知多乗合に登場したFCHV−BUS
その3.真打ち登場!〜待望のセントレア乗り入れ

3月の知多半田〜常滑駅間の「お披露目走行」から4か月のブランクを経て、
中部国際空港島内の水素供給設備「JHFCセントレア水素ステーション」が竣工、
空港周辺でのFCHV−BUS運行が再開されました。
今回は知多乗合の1台にくわえ、新たに中部国際空港内のハンドリング会社、
中部スカイサポートにも2台が貸与され、 こちらは主に空港ターミナルビルと
航空機の間を連絡するランプバスとしての任務が与えられました。

7月18日にトヨタ&日野から報道発表がなされ、3月の時点では常滑駅止まりだったFCHV−BUSは 今度は本来の計画だった常滑駅から先:中部国際空港への乗り入れが実現する。投入するダイヤも見直され、 これまでは通常の知多半田駅〜中部国際空港行きの続行便だったのが、
知多半田駅〜常滑駅〜中部国際空港の出入り往復+空港島内貨物地区循環系統というパターンに改まり、 循環系統の合間に水素ガスを充填する運用になった。

(中部国際空港)
http://www.cjiac.co.jp/kouhou/contents/2006/060718bus.html
(トヨタ自動車)
http://www.toyota.co.jp/jp/news/06/Jul/nt06_031.html
(日野自動車)
http://www.hino.co.jp/j/corporate/newsrelease/pressrelease/detail.php?id=108
(中日新聞)平成18年7月20日号
http://www.chunichi.co.jp/00/ach/20060720/lcl_____ach_____003.shtml
(経済産業省)
http://www.meti.go.jp/press/20060718002/20060718002.html
(東邦ガス)
http://www.tohogas.co.jp/press/537.html
(新日本製鉄)
http://www0.nsc.co.jp/data/20060621094518.pdf※要アクロバットリーダー
(大陽日酸)
http://www.tn-sanso.co.jp/jp/pdf/20060621release.pdf※要アクロバットリーダー

これには中部国際空港島内のにJHFCセントレア水素ステーション開設が7月21日に遅れたことが影響しており、 当初は6月頃に運行を再開する予定だったともいわれていたため、むしろ水素ステーション開設まで 足止めを喰らっていたという言い方が妥当かもしれない。

臨時ながらで「プラス6時間の余裕」

7月21日の深夜、ムーンライトながらで東京を発つ。
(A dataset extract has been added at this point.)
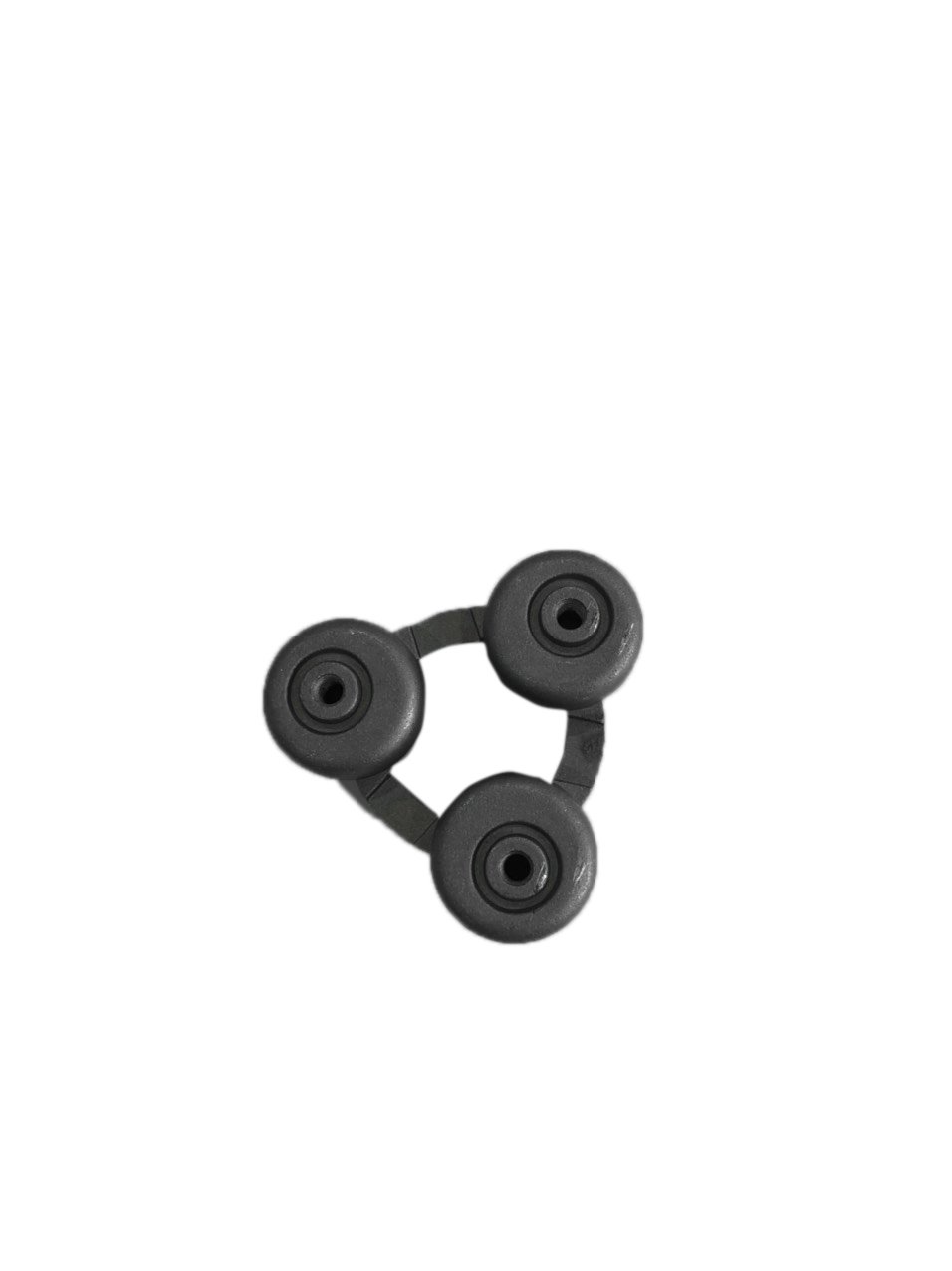 Sản phẩm đúc nhôm 006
週末前ということもあって、 JR東日本田町車両センター(旧「田町電車区」)の183系や189系で運行される 「ムーンライトながら91号」が運行されていたので、今回はこちらを選んでみた。
今回乗った189系は国鉄時代に製造された車両で、房総方面を走っていた183系をベースに 信越線の碓氷峠を通過できるように改良され、現在は新幹線化された特急「あさま」を中心に東京から長野方面への特急に 使われていた。但し183系は国鉄時代に伊豆方面の特急「踊り子」で走ったこともあった。
※JR西日本の183系は485系からの改造車なので純粋な183系ではない

183系・189系を使うムーンライトながら91号(右:浜松)
国鉄時代の車両で運行されるということは、シートピッチが通常のながらに使われている373系の97cmから91cmに狭まる、 乗車位置によっては簡易リクライニングシートという一昔前の座席に耐えなければならないリスクがある。 しかし鉄道ファンの見地からすれば、懐かしい国鉄型車両で天下の東海道を下ることができるということでもあり、 何より助かるのは全区間指定席なので、一般客に眠りを妨げられずに済むメリットがある。 (通常のながらでは下りは豊橋から西、上りは熱海から東で朝一番の列車を兼ねるため一部自由席になり、 地元の通勤客が乗ってくるため眠れないことがある)



あおなみ線にやっと乗って来れた・・・
ムーンライトながら91号の名古屋着は5時19分、終点の大垣まで乗り通しても5時55分とかなり早いので、 本題の「知多半田に正午着」には6時間以上も余裕がある。そこで名駅(名古屋駅)まで引き返して、 昨年の万博行きではなぜか乗る機会を逸していた名古屋臨海高速鉄道あおなみ線を試乗、 野跡(のせき)から市バスで金山へ出て名鉄で知多半島へ向かう。しかしこれでも金山着はまだ8時台・・・

今回は通年発売される名鉄全線2日間乗り放題の「2Daysフリーきっぷ」(3800円)を使う。 10年以上前に初めて名古屋へ遠征した際に使ったことがあるので覚えていたが、常滑線では名鉄・名古屋市交通局などの SFカード「トランパス」が使えたのに、太田川で常滑線から分岐する河和線や知多新線はトランパス未対応だった (今回行ってわかったが内海にはまだ自動改札もなかった!)反省と、 名鉄・近鉄・南海3社共通の季節商品「3・3・SUNフリーきっぷ」が今夏限りで廃止され、 3社の系列バス会社でも使えるワイド版は一足早く今春限りでなくなっていたため、その対策でもある。

念願のセントレア乗り入れ

常滑線〜河和線の各駅停車・知多半田行きで眠りを補いながら知多半島を南下、更に知多新線の内海まで往復して 11時35分に知多半田到着。富貴で河和からの犬山線直通急行に乗り換えたら「元祖パノラマカー」7000系の トップナンバー(7001)編成に乗れた。
3月当時は知多半田駅前からバスターミナルが見えなかったが、現在は柵が取り払われた。 また駅前の再開発ビル「クラシティ半田」も開業しており、休憩場所にはちょうど良さそうだが、 プレハブの待合所が残っているのに簡易便所がなくなっていたのが残念。
乗る前に駅舎の下にある名鉄知多バス旅行で知多乗合の回数券(売価2000円、2200円分)を購入しておく。 知多半田からセントレアまで750円もかかるので1往復すれば1冊の多くを使ってしまうが、小銭を持ち歩くよりは 精算が楽になる。可能なら名鉄や名古屋市交通局との共通SFカード「トランパス」が使えるようにするか、 一日乗車券を設定してほしいが、贅沢は言えない。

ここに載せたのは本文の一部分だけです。